[GTALUG] A good paper on meltdown, courtesy Adrian Colyer
davec-b at rogers.com
Mon Jan 15 19:41:58 EST 2018
Meltdown <https://meltdownattack.com/meltdown.pdf> Lipp et al., /2018/
I’m writing this approximately one week ahead of when you get to read
it, so it’s entirely possible by this time that you’ve already heard
more than you can stand about Meltdown and Spectre! Behind the news
headlines though, there’s a lot of good information in the accompanying
papers, and I certainly wanted to read them, so that’s what we’re going
to be starting out with this week.
Meltdown breaks all security assumptions given by the CPU’s memory
isolation capabilities. We evaluated the attack on modern desktop
machines and laptops, as well as servers in the cloud. Meltdown
allows an unprivileged process to read data mapped in the kernel
address space… this may include physical memory of other processes,
the kernel, and in case of kernel-sharing sandbox solutions (e.g.,
Docker, LXC) or Xen in paravirtualization mode, memory of the kernel
(or hypervisor) and other co-located instances.
Depending on the capabilities of the target machine, it’s possible to
dump memory at up to 503 KB/s. There’s an interesting footnote on the
first page of the paper that says “This attack was independently found
by the authors of this paper and Jann Horn from Google Project Zero.”
Two independent discoveries of the same vulnerability, which it turns
out has existed on Intel microarchitectures since 2010, certainly makes
you wonder how many other ‘discoveries’ of this there might have been in
the intervening period.
You’re bang out-of-order
(/That might be just a British expression, if it doesn’t make sense to
you, just ignore it!)/.
The roots of the problem go way back to 1967, when Tomasulo first
developed an algorithm to allow /out-of-order/ execution of
instructions. Inside a CPU there are multiple execution units. To keep
things moving at pace, while the CPU is busy executing the current
instruction in one execution unit, other units can run ahead,
/speculatively/ executing the instructions that follow. The particular
case of out-of-order execution this paper concerns itself with is an
instruction sequence following a branch.
If we look inside a Skylake core, we’d find something like this:
x86 instructions are fetched from memory by the front-end, and decoded
to micro-operations which are continuously sent to the execution engine.
The /reorder buffer/ is responsible for swizzling the registers so that
instructions operating on the same physical registers use the last
logical value.
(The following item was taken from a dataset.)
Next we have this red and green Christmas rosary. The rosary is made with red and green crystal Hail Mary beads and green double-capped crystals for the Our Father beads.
Execution units are connected via a common data bus, and
if a required operand is not immediately available then it’s possible to
listen on the bus and directly begin instruction execution the moment it
Since CPUs usually do not run linear instruction streams, they have
branch prediction units that are used to obtain an educated guess of
which instruction will be executed next. Branch predictors try to
determine which direction of a branch will be taken before its
condition is actually evaluated. Instructions that lie on that path
and do not have any dependencies can be executed in advance and
their results immediately used if the prediction was correct.
If the guess was wrong, the results can just be rolled back and it’s as
if they never happened. Or at least that’s the plan! But as we all now
know, unfortunately some traces do get left behind…
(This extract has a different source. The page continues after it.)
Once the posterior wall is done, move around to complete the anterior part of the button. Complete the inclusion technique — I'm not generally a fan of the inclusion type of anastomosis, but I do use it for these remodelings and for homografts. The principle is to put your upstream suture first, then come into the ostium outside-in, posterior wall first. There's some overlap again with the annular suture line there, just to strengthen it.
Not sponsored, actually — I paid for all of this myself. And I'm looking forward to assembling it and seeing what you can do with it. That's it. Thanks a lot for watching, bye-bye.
Although the instructions executed out of order do not have any
visible architectural effect on registers or memory, they have
microarchitectural side effects. During the out-of-order execution,
the referenced memory is fetched into a register and is also stored
in the cache. If the out-of-order execution has to be discarded, the
register and memory contents are never committed. Nevertheless, the
cached memory contents are kept in the cache.
Consider the following simple example:
// the line below is never reached
access(probe_array[data * 4096]);
Although we know the code on line 3 will never be reached, it still
might be speculatively executed. We’d like to know what the value of
|data| was during that execution. Since we multiply |data| by 4096,
every access to the probe array is one memory page (4kB) apart:
therefore each unique value of data maps to a different unique page. If
we ensure that the probe array is not in cache (is /flushed/) before the
execution, then after the speculative execution, the only page of the
array that will (now) be in the cache is the page indexed by the |data|
Now all we have to do is iterate over all of the 256 possible values of
the data byte and observe how many cycles it takes to read each page of
the probe array. This combination is known as a ‘Flush+Reload’ cache
Figure 4 shows the result of a Flush+Reload measurement iterating
over all pages, after executing the out-of-order snipped with |data
= 84|. Although the array access should not have happened due to the
exception, we can clearly see that the index which would have been
accessed is cached. Iterating over all pages (e.g. in the exception
handler) shows only a cache hit for page 84.
Let us call instructions executed out-of-order which leave behind
measurable side effects /transient instructions/. Such instructions
introduce an exploitable side channel if their operation depends on a
secret value. We’d like to, for example, dump the memory of the kernel
address space (which will include all of the physical memory on Linux
and OS X, and pretty much all of it on Windows). The kernel memory is
protected of course, and if we try to access it that will trigger an
exception. But not to worry – if the exception occurs /after/ the
execution of the transient instruction sequence the damage is already
done, and we can just handle it. On more modern processors we can wrap
everything up in hardware transactions using Intel TSX and suppress the
exception altogether (which happens automatically as part of transaction
rollback). One trivial exception handling technique is to fork the
attacking application before accessing the invalid memory location, and
only access that location in the child process. The parent process can
then recover the secret.
I’m having a Meltdown
The full Meltdown attack consists of three steps:
1. The content of an attacker-chosen memory location, which is
inaccessible to the attacker, is loaded into a register
2. A transient instruction accesses a cache line based on the secret
content of the register
3. The attacker uses Flush+Reload to determine the accessed cache line
and hence the secret stored at the memory location.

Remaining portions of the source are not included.